Description of the task. Take the entries below and reproduce exactly the portion that begins at the line containing "MEYLE Repair Kit, axle" and ends at the line containing "Kyrie Irving T-Shirt Kyrie", keeping both ends, dropping pictures, and adding nothing else.

[Scraped caption text data]
═══

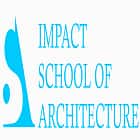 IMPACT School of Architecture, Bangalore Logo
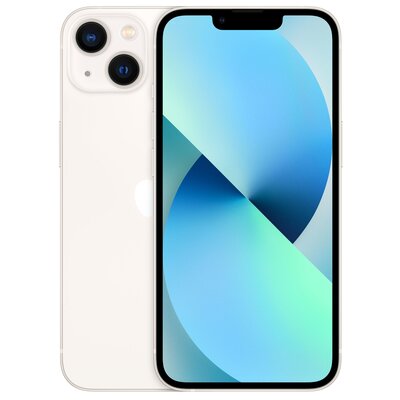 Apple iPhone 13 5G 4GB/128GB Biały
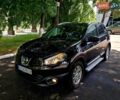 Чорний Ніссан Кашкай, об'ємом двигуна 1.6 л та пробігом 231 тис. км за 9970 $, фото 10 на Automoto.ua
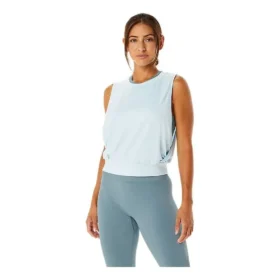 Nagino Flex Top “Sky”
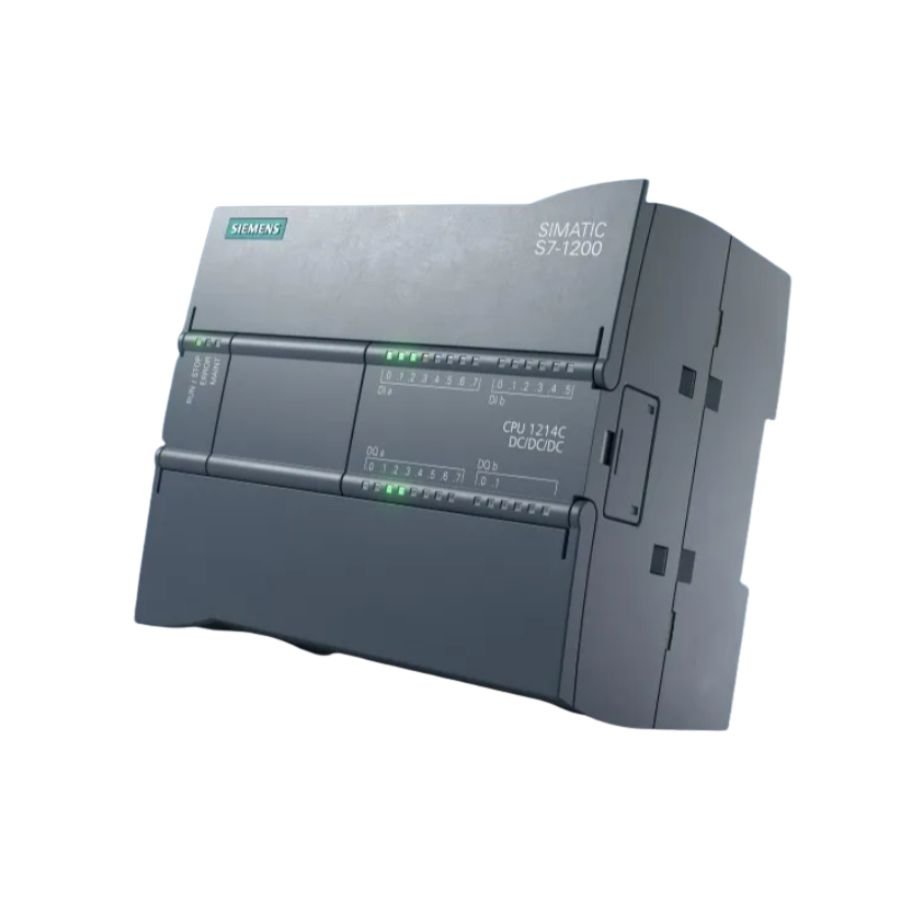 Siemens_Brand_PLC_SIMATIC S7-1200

═══

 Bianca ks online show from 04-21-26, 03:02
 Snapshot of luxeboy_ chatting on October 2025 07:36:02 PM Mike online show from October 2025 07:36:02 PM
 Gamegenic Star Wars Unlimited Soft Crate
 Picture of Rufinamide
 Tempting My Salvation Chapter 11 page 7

═══

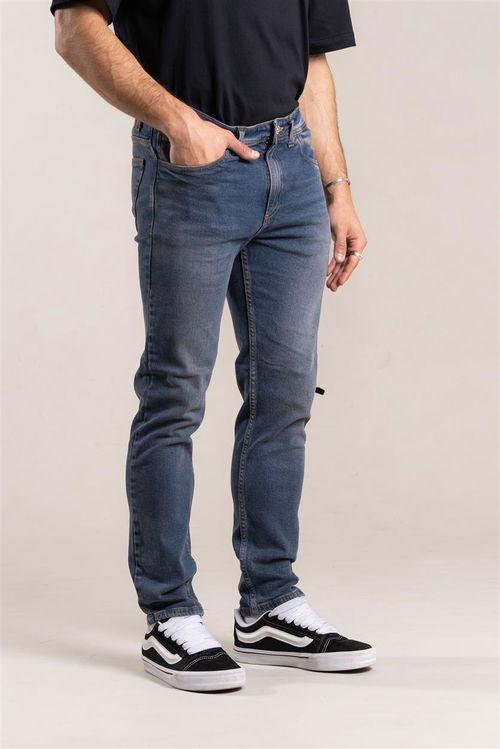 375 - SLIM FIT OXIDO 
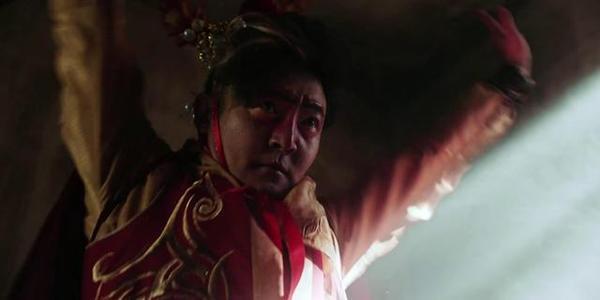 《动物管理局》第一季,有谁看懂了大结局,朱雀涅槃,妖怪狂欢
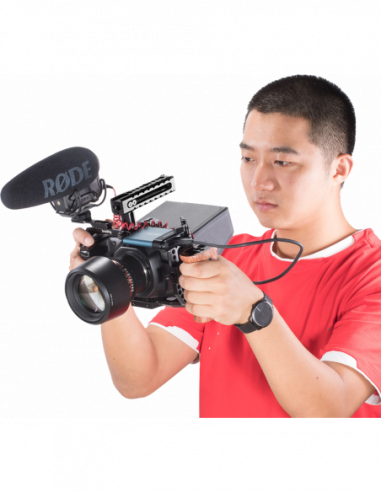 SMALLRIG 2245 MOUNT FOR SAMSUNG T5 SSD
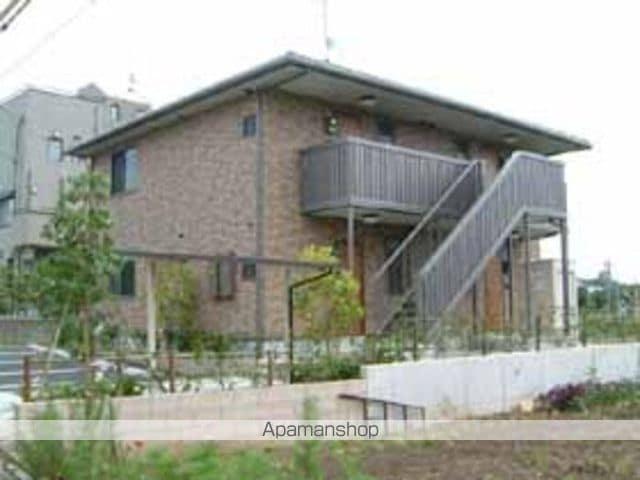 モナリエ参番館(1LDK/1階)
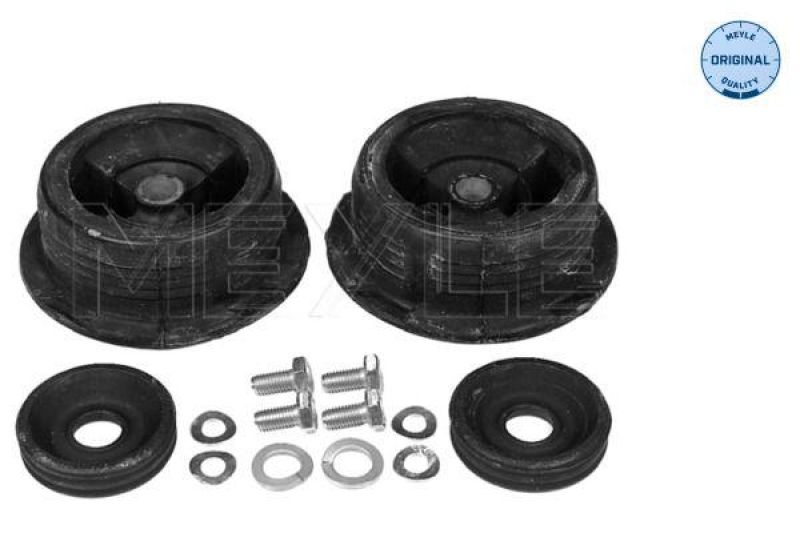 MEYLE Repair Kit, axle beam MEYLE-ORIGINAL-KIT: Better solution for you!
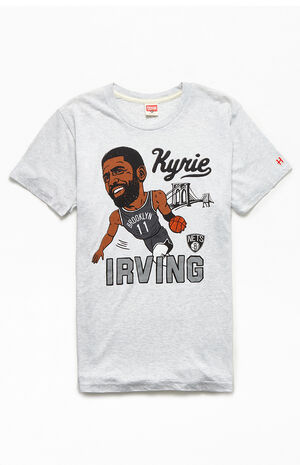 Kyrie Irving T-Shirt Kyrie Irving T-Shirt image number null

═══

Result of this task.
 MEYLE Repair Kit, axle beam MEYLE-ORIGINAL-KIT: Better solution for you!
 Kyrie Irving T-Shirt Kyrie Irving T-Shirt image number null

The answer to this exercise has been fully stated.